GPU can be much faster than CPU for some computations such as matrix multiplications. They are intended to be fast for such computations. I find it very important to learn more how to utilize such a hardware to do advanced stuff and more optimizations. Especially when it comes to deep learning! Thus, this blog contains my notes about CUDA programming which I collected while learning. For reference, you can check this book. You can also find practice code with comments here.

Functions

• __global__: called from host/device and run only on device.
• __device__: called from device and run only on device.
• __host__ : called from host and run only on host.

Variables

• __device__: declares device variable in global memory for all threads and lifetime of application.
• __shared__: declares device variable in shared memory between threads within a block with lifetime of block.
• __constant__: declares device variable in constant memory for all threads and lifetime of application.

Types

• dim3: basically 3D vector of type uint3 (3D unsigned integer vector). Dimension which is not specified has 1 as default value.

Memory Managemnet

• cudaMalloc((void**)&pointer, size): allocates memory on device.
• cudaFree: frees allocated memory on device.
• cudaMemcpy(dest_ptr, src_ptr, size, direction): synchronous copy between host and device.
• cudaMemcpyHostToDevice: used as copy direction from host to device (e.g in cudaMemcpy).
• cudaMemcpyDeviceToHost: used as copy direction from device to host (e.g in cudaMemcpy).
• cudaMemcpyToSymbol(dest_ptr, src_ptr, size, direction): copy to a global or constant memory.
• cudaHostAlloc: allocates page-locked host memory.
• cudaFreeHost: frees page-locked host memory.

Thread Management

• __syncthreads(): wait until all threads reach this sync.

Event Management

• cudaEventCreate(cudaEvent_t *event): creates CUDA event object.
• cudaEventRecord(cudaEvent_t *event, cudaStream_t stream): records an event on given CUDA stream (stream used for concurrency management).
• cudaEventSynchronize(cudaEvent_t *event): synchronizes between GPU and CPU on the given event.

Blocks and threads

• Kernel signature: kernel_name<<<NUM_BLOCKS, NUM_THREADS>>>(params)
• A device kernel can run N number of blocks each having M number of threads. This can be imagined as a 2D grid where the number of rows is the number of blocks and the number of columns is the number of threads per block. Then, you can access threads linearly similar to how it is done for flattened arrays. So each block would take a copy of the code and run it in parallel.
• There are many reasons why we have this combination between blocks and threads. One of them is due to hardware limitations.

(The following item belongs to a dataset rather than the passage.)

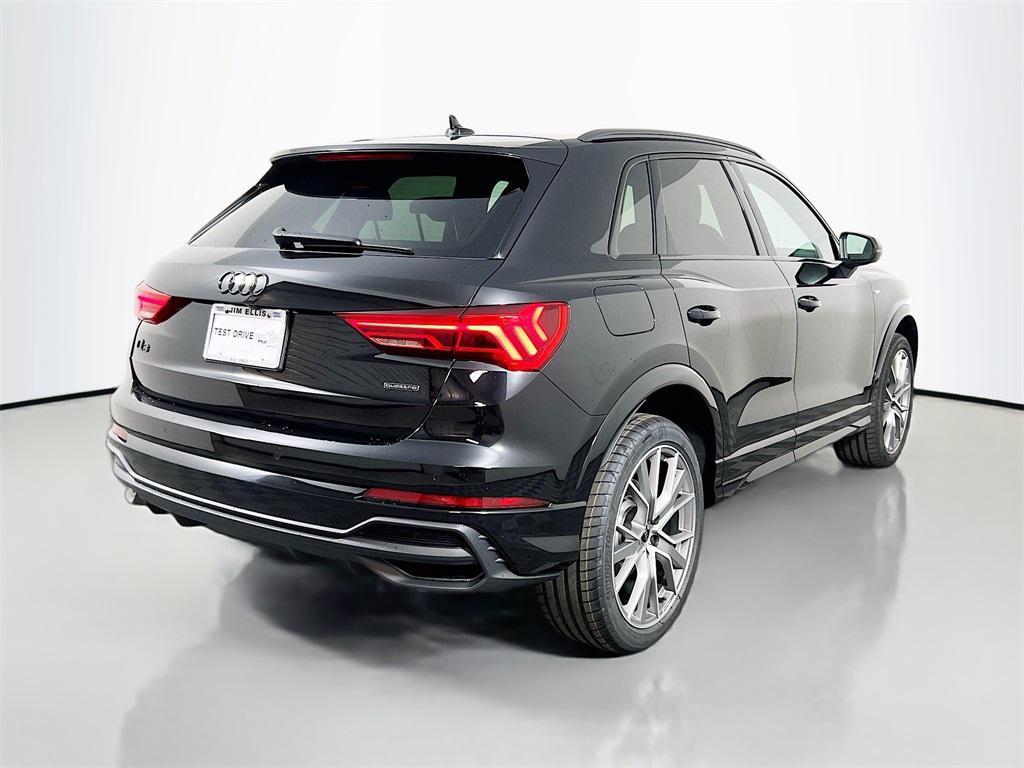 new 2025 Audi Q3 car, priced at $44,280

There is a limited number of blocks that can be created. In addition, one of the important benefits from that is to do thread collaboration with shared memory and synchronization. For example, this would allows us to do efficient reduction functions.
• Related keywords:
  • threadIdx.x: thread index
  • blockDim.x: number of threads
  • blockIdx.x: block index
  • gridDim.x: number of blocks

Constant Memory

• Kinds of memories: global, shared, constant, etc
• Constant memory can be used to store data that won’t change during the kernel execution. This will improve memory bandwidth
• No need to allocated or free constant memory explicitly
• It reduces memory bandwidth by caching consecutive reads of the same address. Thus, this will save read access for nearby threads or threads in the same warp. E.g if many threads read from same address, one thread can read the data and broadcast it to all other threads.
• Reading from constant memory could be slower than global memory in case many threads request reads for different addresses
• Constant memory can be useful for an important application called “Ray Tracing.” Briefly, the idea is to output 3D objects in a 2D image taking into consideration light, shades, objects material, etc. Constant memory can be used to cache the objects in the environment which make if fast for threads to access them

Atomics

• The execution of atomic operations can not be divided into smaller parts by other threads.
• Some function names: atomicAdd, atomicMin, atomicSub, etc (see more here).
• They are used to avoid race condition between multiple threads. A simple case is incrementing a shared variable. This is also known as read-modify-write operation. Each thread would need to read the variable, modify it, and then write the new result back. If the threads are not scheduled in a correct way, the last result might be wrong. Thus, here atomic operations would be used to avoid such an issue.

Page-locked host memory

• Typically, we use the C library malloc function to allocate host memory. This will allocate pageable memory, i.e it is possible to be paged out to the disk (or swapped to the disk).
• However, in some cases, it is preferable to allocate host memory that is guaranteed by the OS that it will not be paged out to the disk. In this way, we can always access the physical address of the memory.
• This will speed up the copy between host and device.
• Note that allocating too much page-locked memories can lead to memory overflow issues not only for the current running application but also for other applications.
• Allocating such kind of memory can be done via cudaHostAlloc.